> **Work instruction**: When you reach the line containing "เตรียมวิ่งทะลุเป้าหมายอีกครั้ง เป้าหมาย 5%" in the entries below, begin reproducing lines exactly, and stop once the line containing "枪战英雄吃鸡模拟器手游app" is done.

> **Dataset**:
-.-.-
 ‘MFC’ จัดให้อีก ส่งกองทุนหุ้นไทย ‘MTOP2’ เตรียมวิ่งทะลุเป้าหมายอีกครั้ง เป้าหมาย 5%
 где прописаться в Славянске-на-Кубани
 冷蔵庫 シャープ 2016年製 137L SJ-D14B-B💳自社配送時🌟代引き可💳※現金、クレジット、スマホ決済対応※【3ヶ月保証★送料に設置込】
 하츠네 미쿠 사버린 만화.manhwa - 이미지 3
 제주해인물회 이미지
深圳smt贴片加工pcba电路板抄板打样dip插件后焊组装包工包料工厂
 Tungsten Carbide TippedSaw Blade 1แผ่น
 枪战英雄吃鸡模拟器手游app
-.-.-
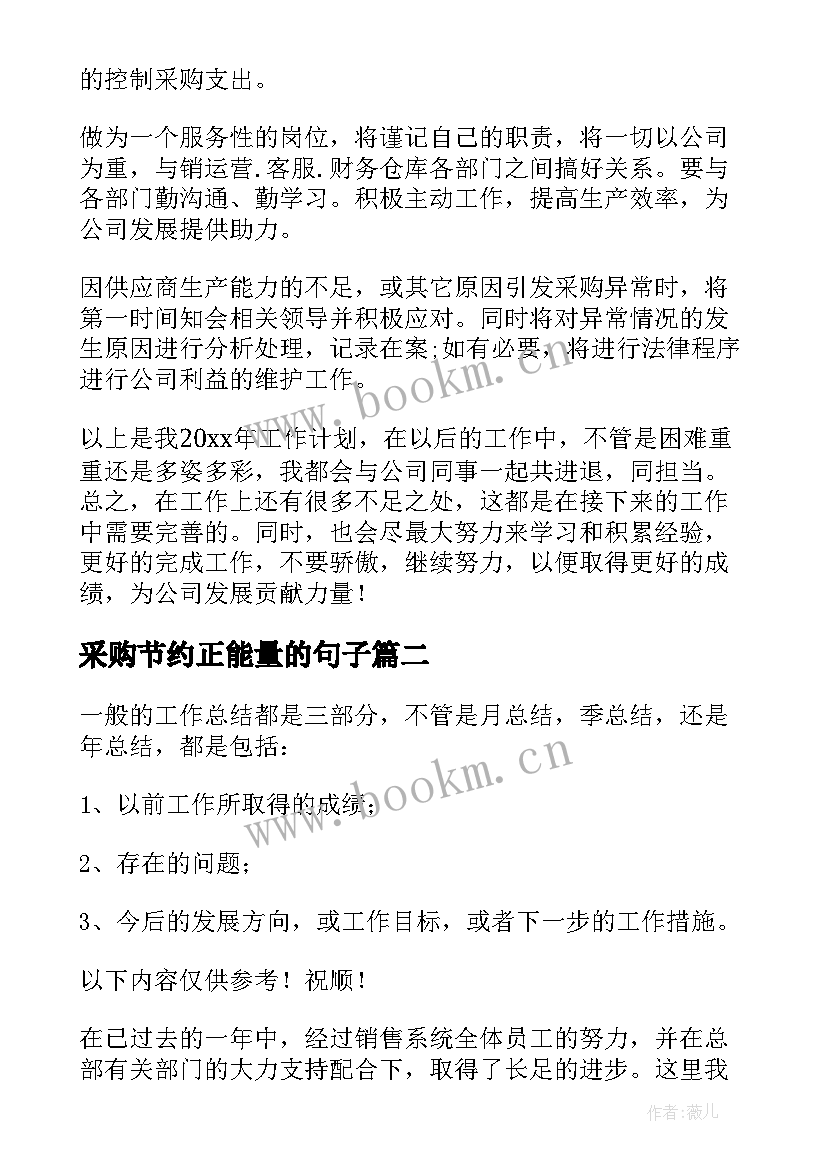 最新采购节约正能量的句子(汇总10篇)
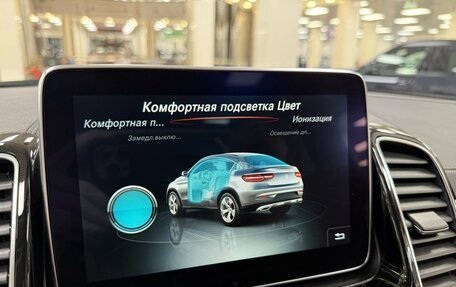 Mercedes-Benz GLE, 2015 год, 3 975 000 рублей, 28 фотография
-.-.-
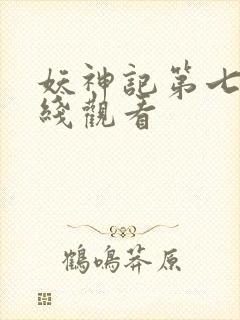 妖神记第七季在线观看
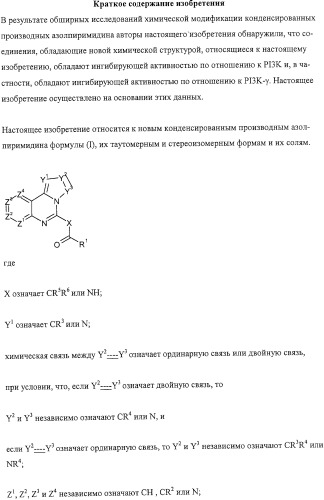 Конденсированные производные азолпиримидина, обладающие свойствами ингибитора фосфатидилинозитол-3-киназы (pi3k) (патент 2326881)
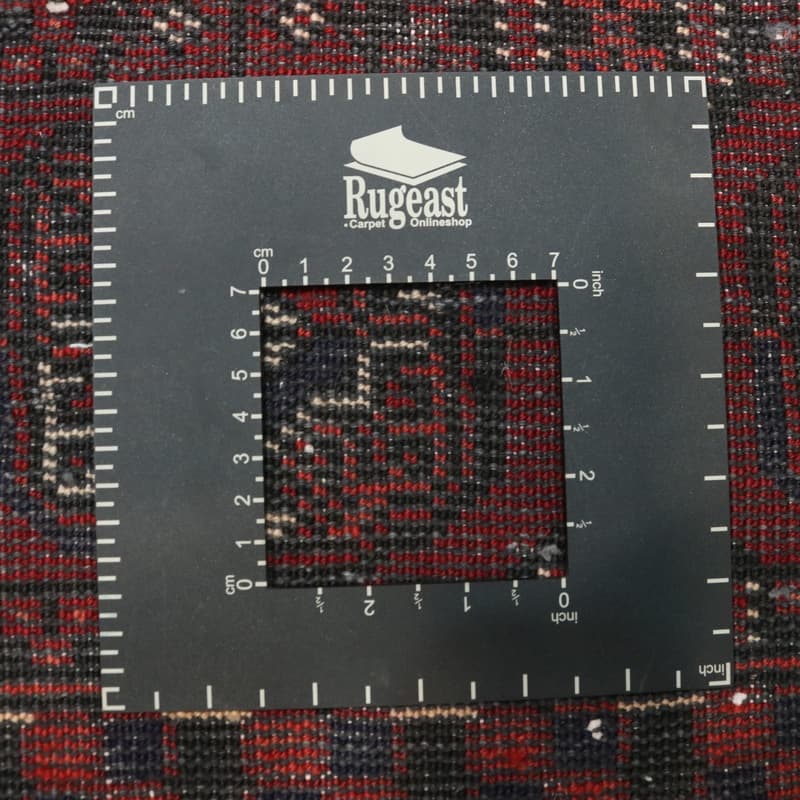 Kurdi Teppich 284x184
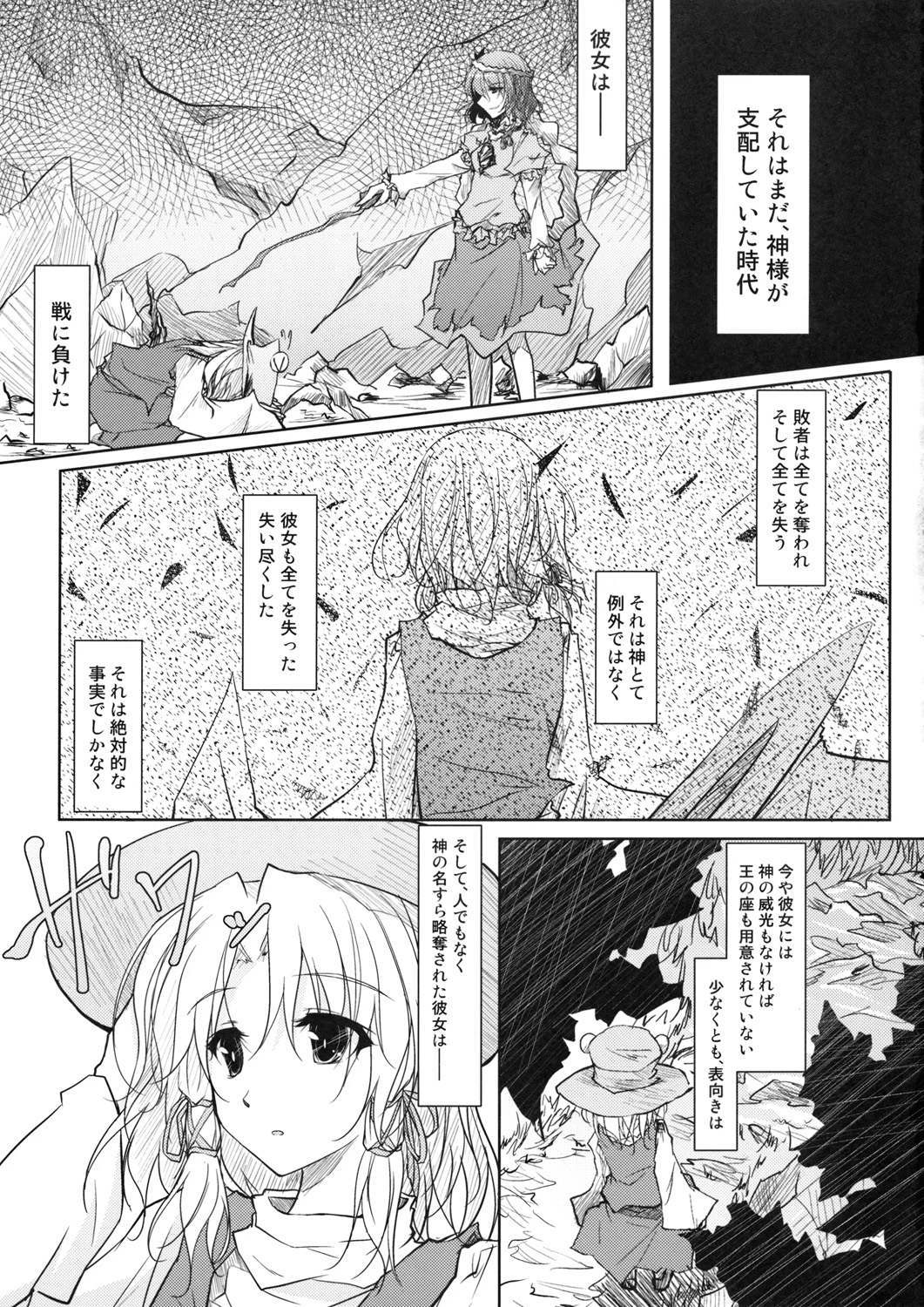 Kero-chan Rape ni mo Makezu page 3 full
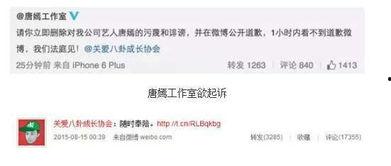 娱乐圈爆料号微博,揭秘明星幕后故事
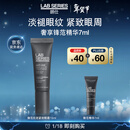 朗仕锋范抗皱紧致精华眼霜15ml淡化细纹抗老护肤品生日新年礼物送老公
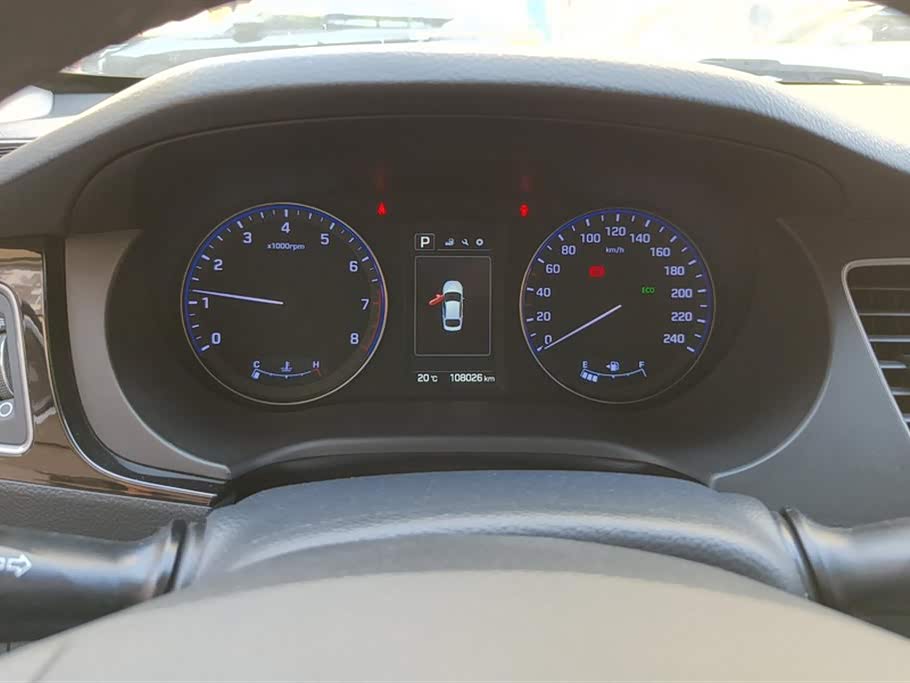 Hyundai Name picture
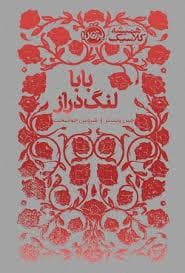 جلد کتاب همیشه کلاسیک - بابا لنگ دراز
-.-.-
> **Solved problem**:
 ‘MFC’ จัดให้อีก ส่งกองทุนหุ้นไทย ‘MTOP2’ เตรียมวิ่งทะลุเป้าหมายอีกครั้ง เป้าหมาย 5%
 где прописаться в Славянске-на-Кубани
 冷蔵庫 シャープ 2016年製 137L SJ-D14B-B💳自社配送時🌟代引き可💳※現金、クレジット、スマホ決済対応※【3ヶ月保証★送料に設置込】
 하츠네 미쿠 사버린 만화.manhwa - 이미지 3
 제주해인물회 이미지
深圳smt贴片加工pcba电路板抄板打样dip插件后焊组装包工包料工厂
 Tungsten Carbide TippedSaw Blade 1แผ่น
 枪战英雄吃鸡模拟器手游app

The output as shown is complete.